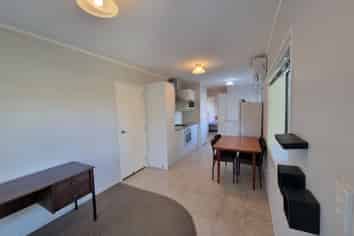 28a Hillside Crescent, Leigh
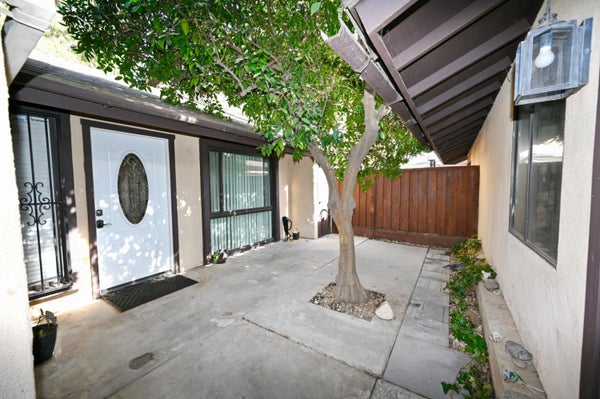 4985 E BUTLER AVE APT 120, FRESNO, CA 93727 - Image b63e2caa0e00aab7d9e99fa43d9c9d88/2851792637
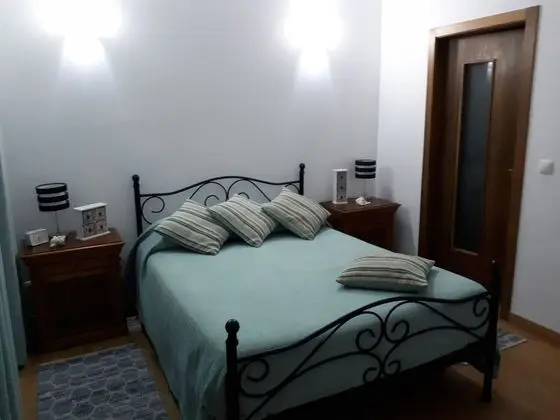 Tek Büyük Yataklı Oda, Dağ Manzaralı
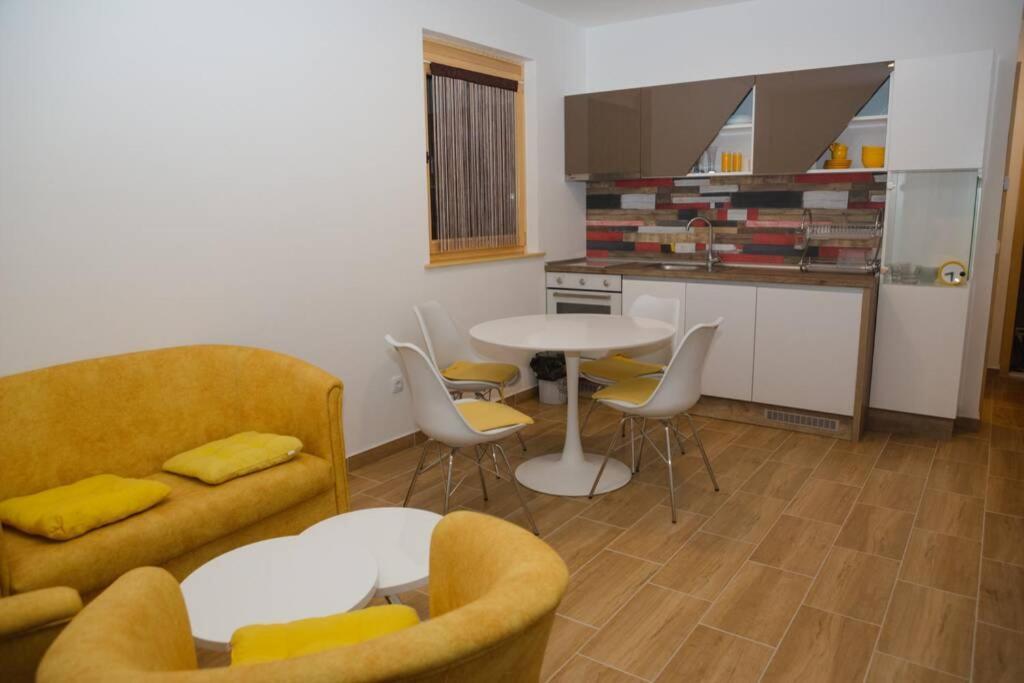 Tennis Club 2 Apartment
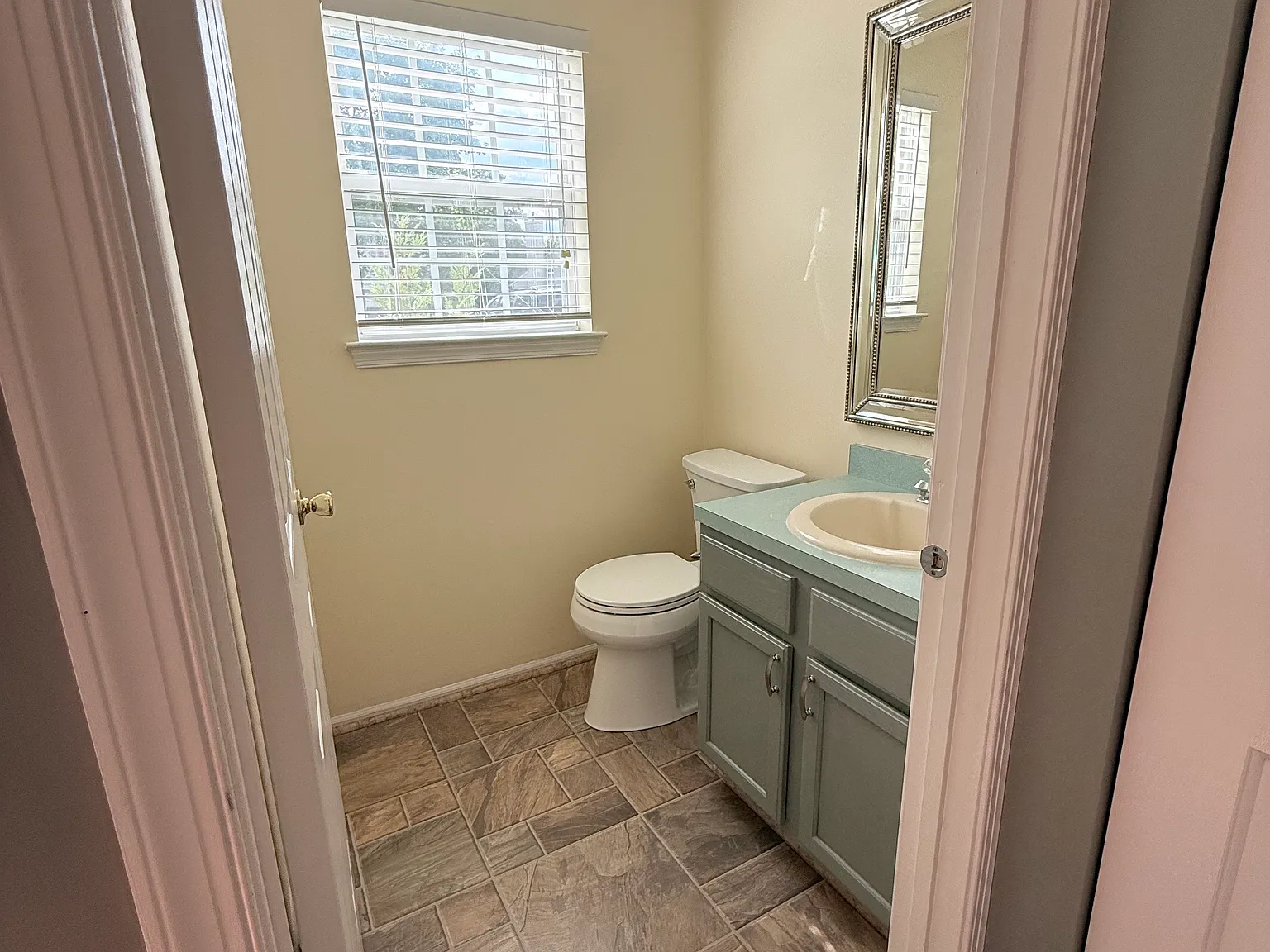 3 bed, 2.5 bath, 1485 sqft, $2,800 — Photo 4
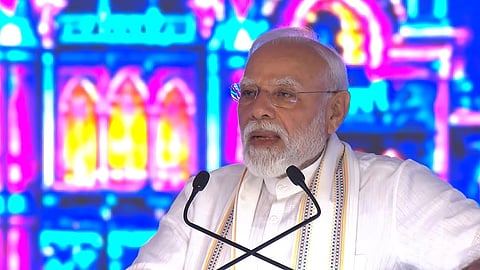 विरोधक म्हणजे 'नाराज फुफा'; प्रगती झाली तरी तक्रारी चालूच, मोदींचा हल्लाबोल; डेडिकेटेड फ्रेट कॉरिडोरचे उद्घाटन 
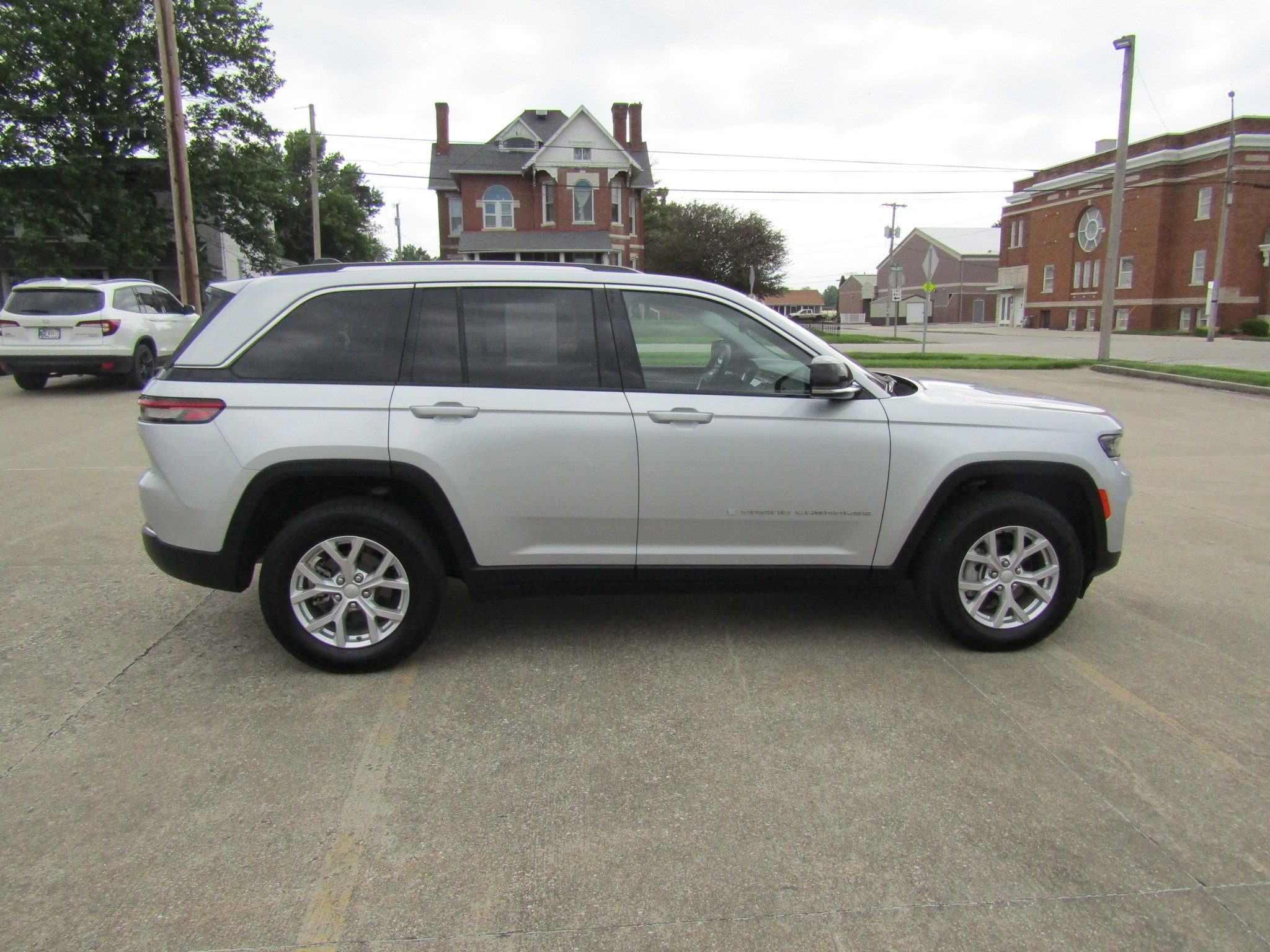 Used 2023 Jeep Grand Cherokee Limited w/ Trailer Tow Prep Group (B) image 2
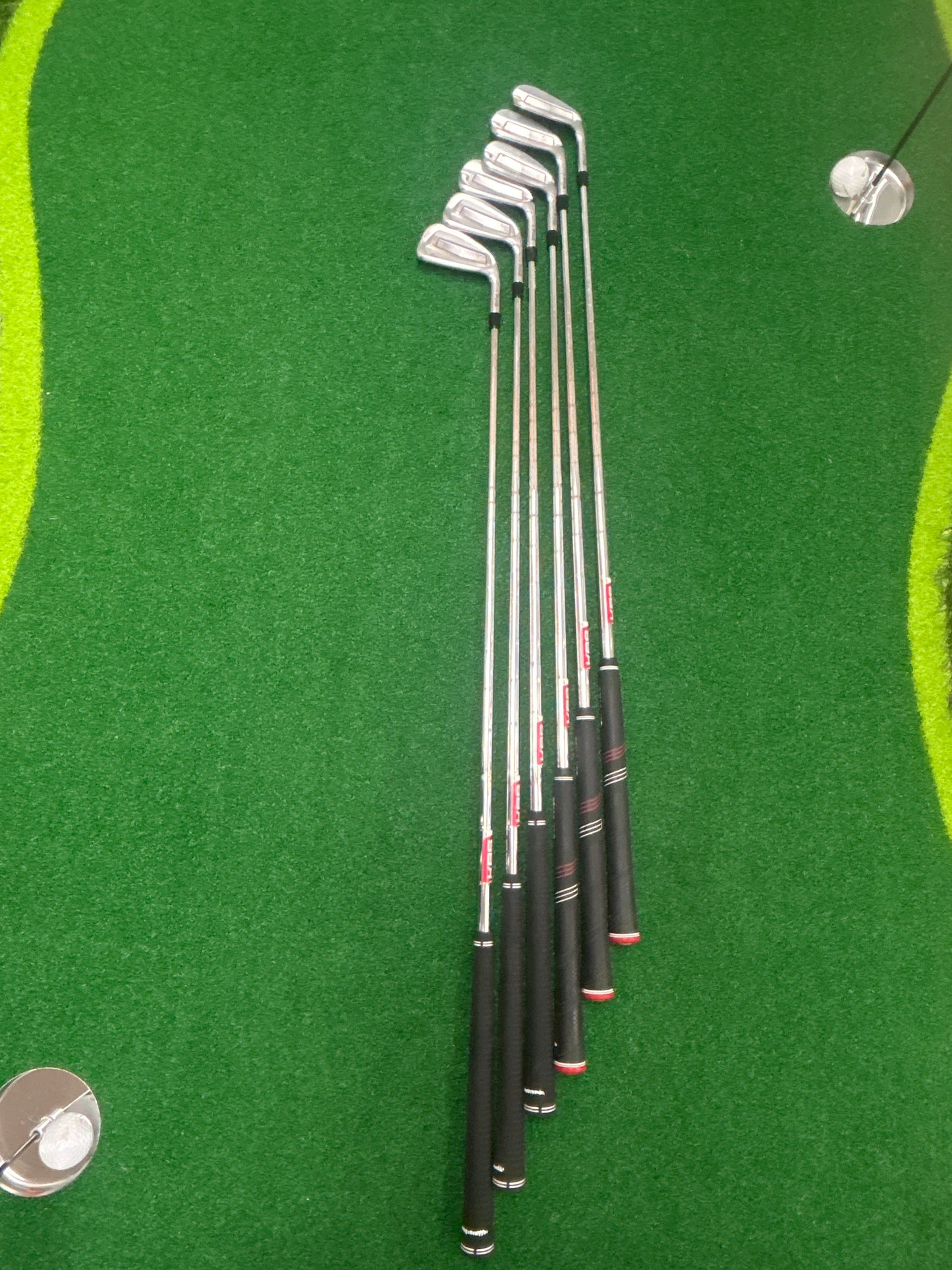 PING i210 Iron Set
4-PW 
KBS Tour Lite steel
Regular Flex RH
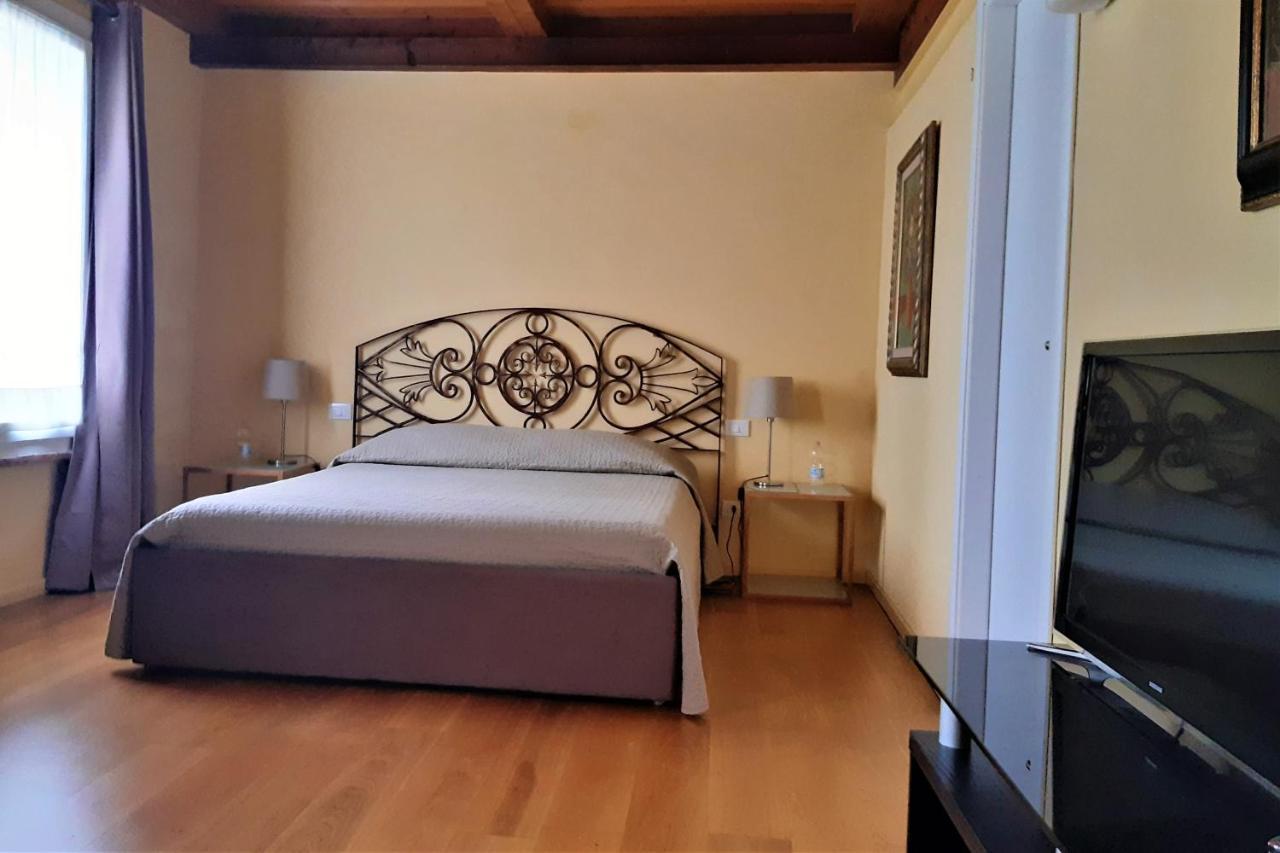 B&B Le Stanze Del Belriguardo Voghiera Eksteriør billede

:: WHAT YOU ARE ASKED TO DO ::
Starting where a line contains "विरोधक म्हणजे 'नाराज" and finishing at the last line above, set down every line exactly as it reads, with no pictures.

:: SOLVED EXERCISE ::
 विरोधक म्हणजे 'नाराज फुफा'; प्रगती झाली तरी तक्रारी चालूच, मोदींचा हल्लाबोल; डेडिकेटेड फ्रेट कॉरिडोरचे उद्घाटन 
 Used 2023 Jeep Grand Cherokee Limited w/ Trailer Tow Prep Group (B) image 2
 PING i210 Iron Set
4-PW 
KBS Tour Lite steel
Regular Flex RH
 B&B Le Stanze Del Belriguardo Voghiera Eksteriør billede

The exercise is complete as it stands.